A Unique Coexistence of an Indigenous Tribe (Adivasi) with Tigers in the Western Ghats of India
In the Biligiri Hills of Karnataka in India, the Soligas have been successfully living within a wildlife sanctuary (tigers, elephants, etc.) for centuries. The stories and values from this community serve as important lessons for reimagining conservation.
Publication Title: "Expert Corner: A Unique Coexistence of an Indigenous Tribe (Adivasi) with Tigers in the Western Ghats of India."
Posted on the Biodiversity and Ecosystem Services Network, this new article suggests 'new perspectives to conservation'. The relationship between the people and the land was built through conversations with the Soligas, an Indian Adivasi tribe, and Dr. Madegowda, a senior researcher at the Ashoka Trust for Research in Ecology and the Environment.

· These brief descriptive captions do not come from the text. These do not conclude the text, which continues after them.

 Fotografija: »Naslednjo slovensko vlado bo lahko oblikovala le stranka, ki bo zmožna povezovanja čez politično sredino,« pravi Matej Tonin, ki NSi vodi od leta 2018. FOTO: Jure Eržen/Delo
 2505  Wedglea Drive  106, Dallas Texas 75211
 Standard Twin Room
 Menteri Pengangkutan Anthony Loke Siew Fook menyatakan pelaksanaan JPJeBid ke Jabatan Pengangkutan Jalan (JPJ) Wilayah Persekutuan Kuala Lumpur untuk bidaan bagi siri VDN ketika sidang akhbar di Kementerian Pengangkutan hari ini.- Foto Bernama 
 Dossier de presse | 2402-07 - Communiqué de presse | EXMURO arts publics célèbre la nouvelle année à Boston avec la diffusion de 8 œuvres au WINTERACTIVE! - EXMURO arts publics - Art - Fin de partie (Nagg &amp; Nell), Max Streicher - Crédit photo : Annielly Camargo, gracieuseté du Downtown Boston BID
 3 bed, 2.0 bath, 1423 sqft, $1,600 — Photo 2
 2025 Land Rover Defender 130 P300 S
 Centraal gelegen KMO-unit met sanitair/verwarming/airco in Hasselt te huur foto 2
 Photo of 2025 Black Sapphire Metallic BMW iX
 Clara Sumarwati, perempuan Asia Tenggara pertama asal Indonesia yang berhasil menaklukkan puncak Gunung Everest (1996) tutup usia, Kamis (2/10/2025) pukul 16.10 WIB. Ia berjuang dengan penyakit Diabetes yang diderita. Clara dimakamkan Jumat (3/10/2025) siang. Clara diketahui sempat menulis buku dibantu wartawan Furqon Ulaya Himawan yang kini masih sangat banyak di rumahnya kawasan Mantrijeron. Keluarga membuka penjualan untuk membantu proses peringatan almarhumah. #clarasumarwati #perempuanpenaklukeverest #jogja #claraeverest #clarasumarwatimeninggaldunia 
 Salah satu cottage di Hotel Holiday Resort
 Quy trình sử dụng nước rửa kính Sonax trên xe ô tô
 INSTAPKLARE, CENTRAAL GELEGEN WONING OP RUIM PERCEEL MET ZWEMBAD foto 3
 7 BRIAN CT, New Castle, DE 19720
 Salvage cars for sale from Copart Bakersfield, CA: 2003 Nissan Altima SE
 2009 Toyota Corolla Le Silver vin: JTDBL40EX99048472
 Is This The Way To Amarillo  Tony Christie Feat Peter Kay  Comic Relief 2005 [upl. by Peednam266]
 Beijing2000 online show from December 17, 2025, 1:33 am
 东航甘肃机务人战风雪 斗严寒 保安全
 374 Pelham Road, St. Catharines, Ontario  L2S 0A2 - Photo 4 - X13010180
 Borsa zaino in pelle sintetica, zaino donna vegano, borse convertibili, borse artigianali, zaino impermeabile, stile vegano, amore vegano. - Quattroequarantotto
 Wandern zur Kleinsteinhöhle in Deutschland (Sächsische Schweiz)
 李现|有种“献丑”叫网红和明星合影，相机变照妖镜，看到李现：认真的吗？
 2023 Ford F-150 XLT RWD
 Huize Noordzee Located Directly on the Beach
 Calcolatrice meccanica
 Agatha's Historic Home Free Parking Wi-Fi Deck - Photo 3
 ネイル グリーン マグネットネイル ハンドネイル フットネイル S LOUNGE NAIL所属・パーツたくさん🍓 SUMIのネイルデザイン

- Kamaljit Sangha, IUCN CEESP Co-Chair Local Economies, Communities, and Nature Specialist group
- Dr. M. Balasubramanian, Assistant Professor at the Institute for Social and Economic Change, Bangalore
- Dr. C. Madegowda, Senior Researcher and Coordinator at the Ashoka Trust for Reserach in Ecology and the Environment
Excerpt from the original article:
The Soligas’ ability to live with wildlife over the centuries and sustainably manage the Biligiri Hills region by applying a range of traditional practices (such as recognizing bird voices and flight patterns as indicators of rainfall, the presence of tigers or elephants and worshipping plants and animals to preserve biodiversity) suggests the need to learn from their successful human-wildlife coexistence. Passing on tribal knowledge and strategies (e.g., managing weed and fire, protecting the diversity of plants and understanding animal behaviour and calls etc.) is essential not only for guiding future tribal generations but also for offering insights into forest and wildlife conflict management practices by forest managers and other conservation officials. For example, the management of the Biligiri region by the Soligas is proven to deliver several important ecosystem services for the public, such as fresh and clean air and water to the nearby highly populated areas, sequestration of CO2 and abatement of climate change and prevention of wildfires and soil erosion to protect the cropping areas in the downstream areas. The Soligas’ long-standing harmony with wildlife in the Biligiri Hills underscores the potential benefits of incorporating tribal communities’ traditional knowledge into future conservation strategies.